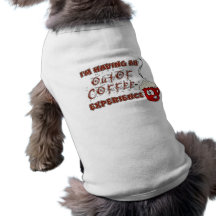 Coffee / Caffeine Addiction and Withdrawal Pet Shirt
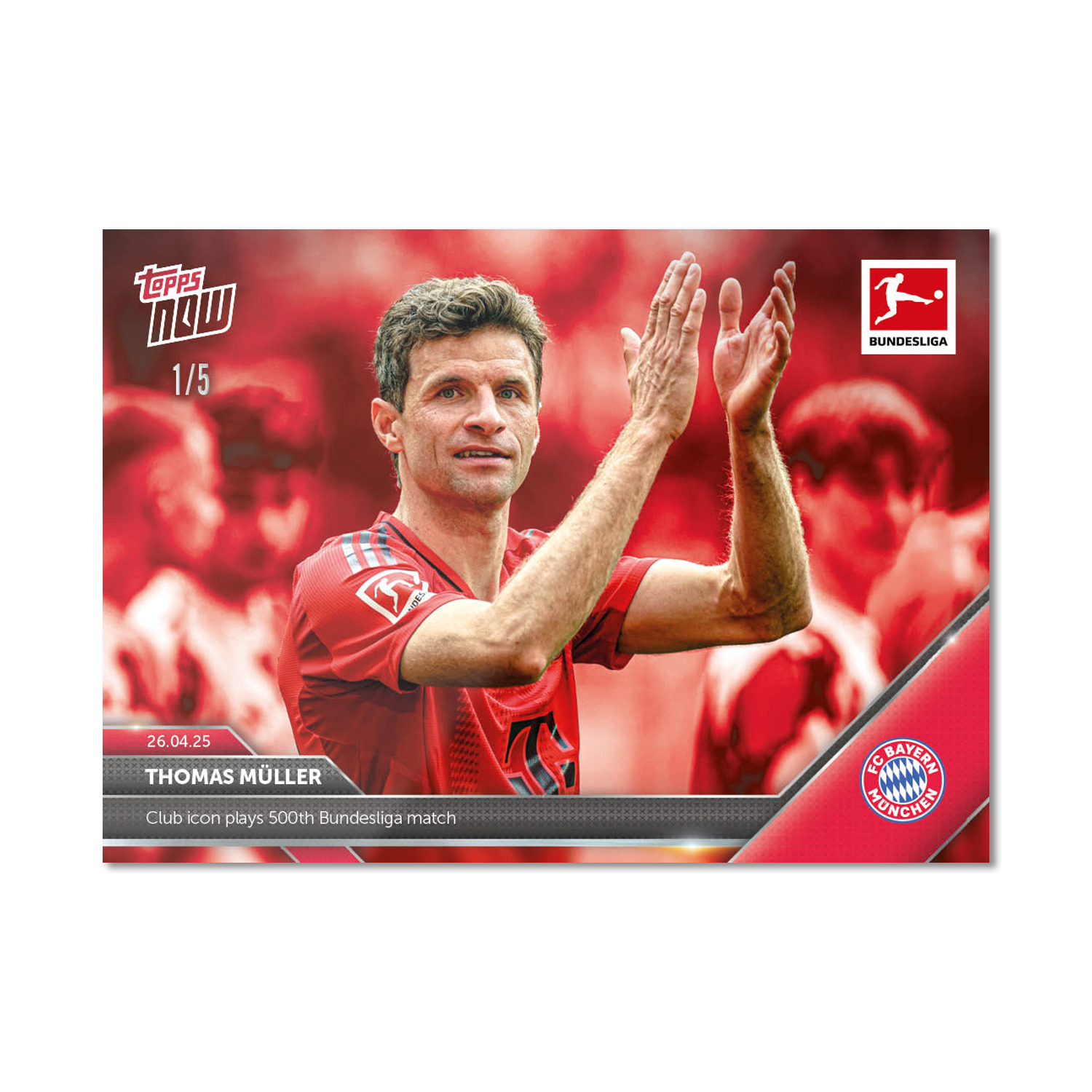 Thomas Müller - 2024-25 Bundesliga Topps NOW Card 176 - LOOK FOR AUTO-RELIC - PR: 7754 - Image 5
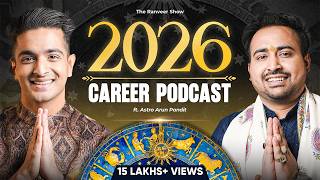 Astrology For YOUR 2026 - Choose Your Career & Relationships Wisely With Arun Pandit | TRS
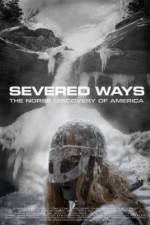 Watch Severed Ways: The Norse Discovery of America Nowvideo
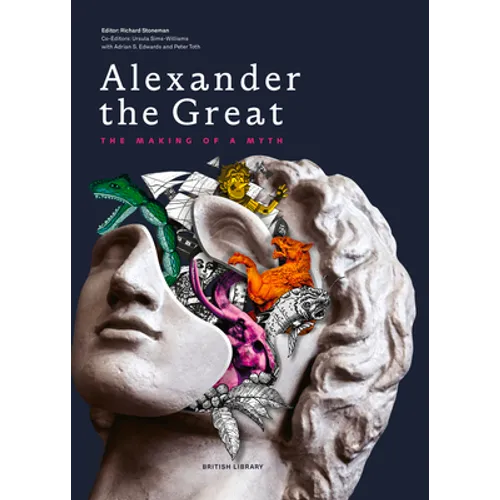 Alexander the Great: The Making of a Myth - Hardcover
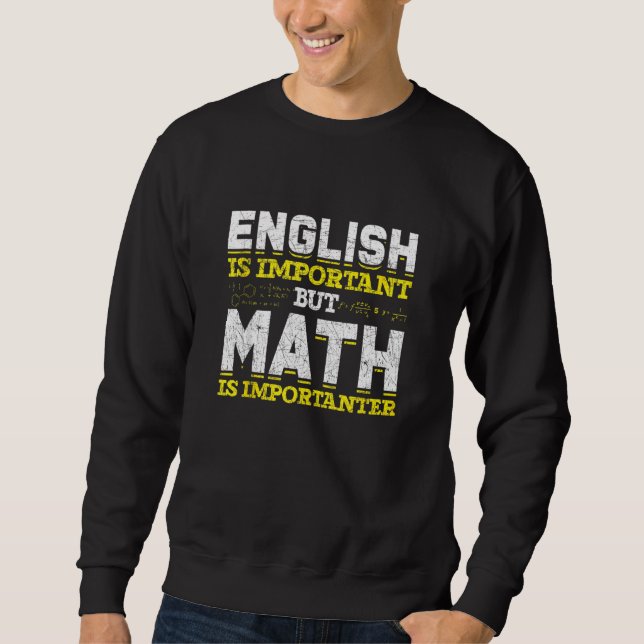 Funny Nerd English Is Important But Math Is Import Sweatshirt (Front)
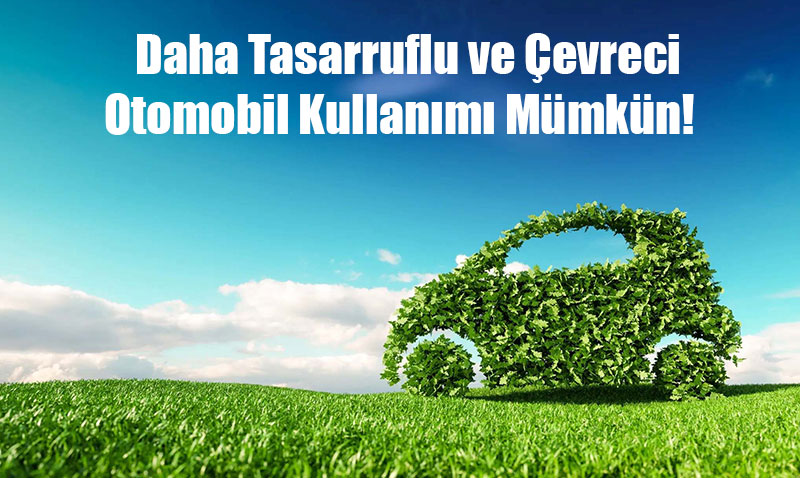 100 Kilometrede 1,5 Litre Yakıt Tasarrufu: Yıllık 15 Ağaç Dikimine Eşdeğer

* * *

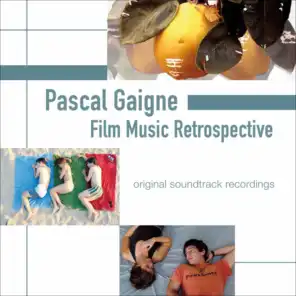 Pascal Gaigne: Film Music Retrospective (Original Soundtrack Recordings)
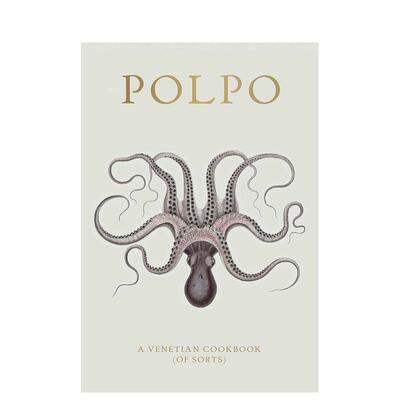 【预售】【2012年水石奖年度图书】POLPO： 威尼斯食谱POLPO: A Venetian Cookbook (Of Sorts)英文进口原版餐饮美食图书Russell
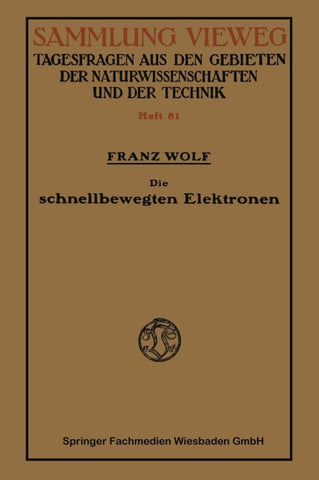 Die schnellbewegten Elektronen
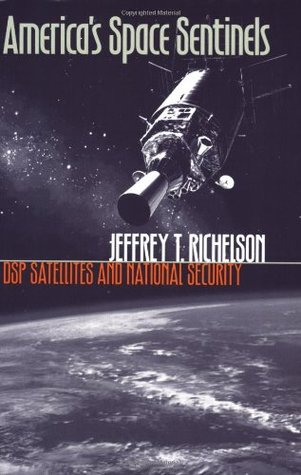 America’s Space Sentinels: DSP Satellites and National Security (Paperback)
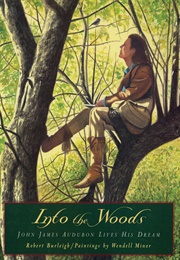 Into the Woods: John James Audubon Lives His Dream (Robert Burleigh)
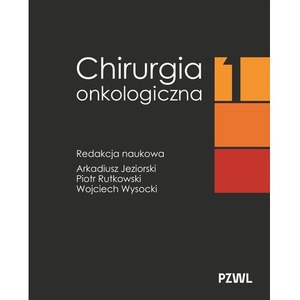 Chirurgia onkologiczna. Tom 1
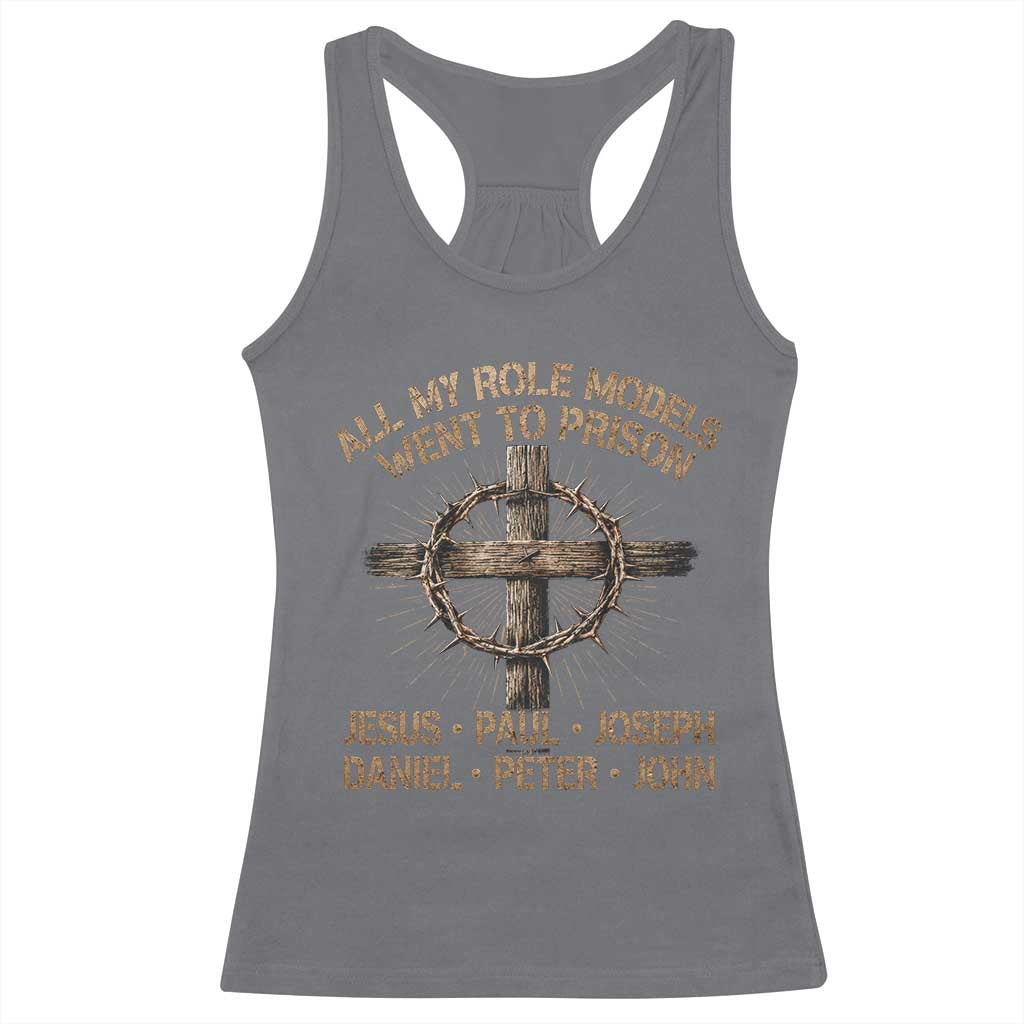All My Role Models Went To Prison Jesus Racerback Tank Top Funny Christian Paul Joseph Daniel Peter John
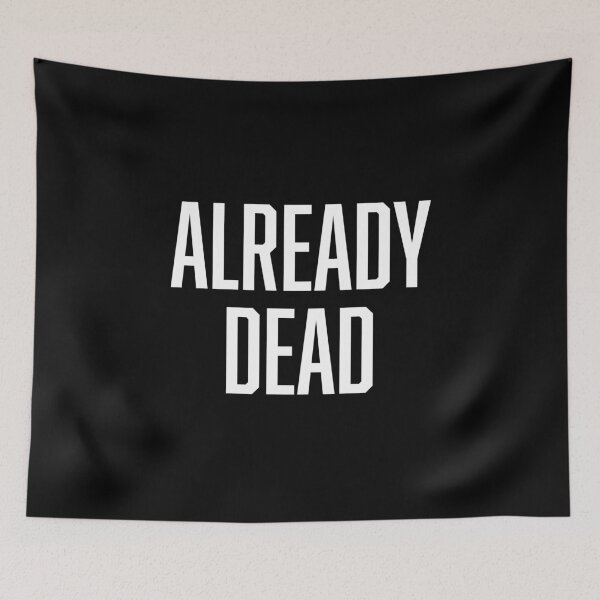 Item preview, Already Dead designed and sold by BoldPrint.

---

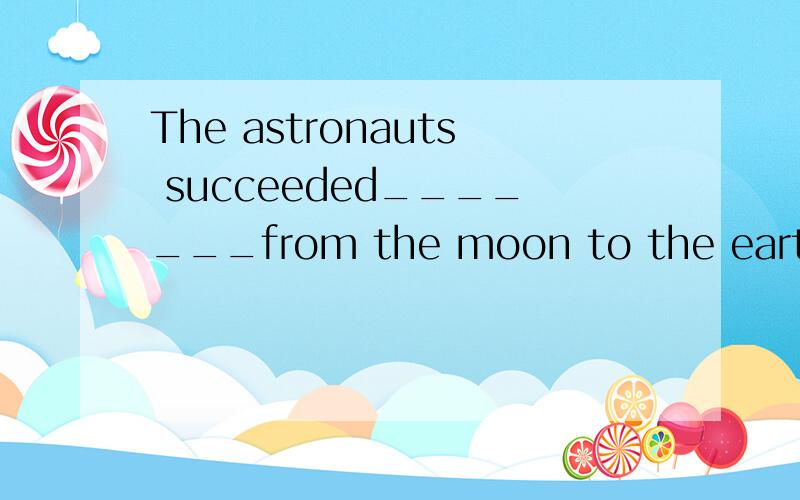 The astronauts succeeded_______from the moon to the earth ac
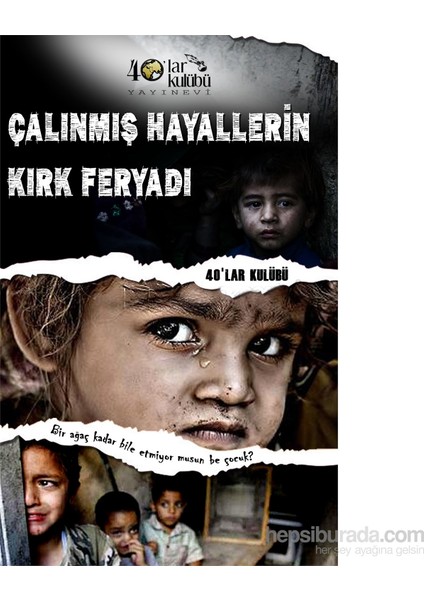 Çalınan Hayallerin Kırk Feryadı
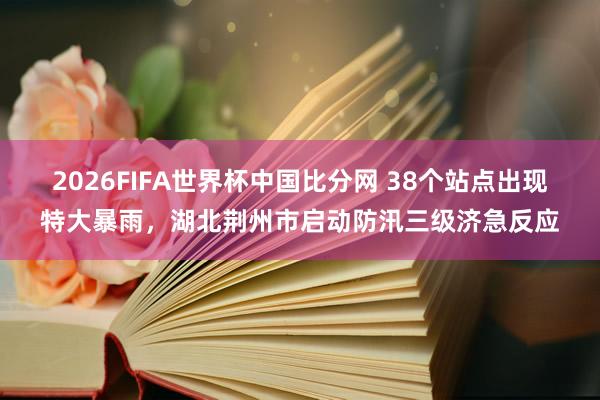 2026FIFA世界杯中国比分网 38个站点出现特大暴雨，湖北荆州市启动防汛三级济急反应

## Your assignment:
If a picture sits between the line containing "Coffee / Caffeine" and the line containing "Funny Nerd English", leave it out, and return the lines of that range above exactly, both ends included.

## Your solution:
 Coffee / Caffeine Addiction and Withdrawal Pet Shirt
 Thomas Müller - 2024-25 Bundesliga Topps NOW Card 176 - LOOK FOR AUTO-RELIC - PR: 7754 - Image 5
 Astrology For YOUR 2026 - Choose Your Career & Relationships Wisely With Arun Pandit | TRS
 Watch Severed Ways: The Norse Discovery of America Nowvideo
 Alexander the Great: The Making of a Myth - Hardcover
 Funny Nerd English Is Important But Math Is Import Sweatshirt (Front)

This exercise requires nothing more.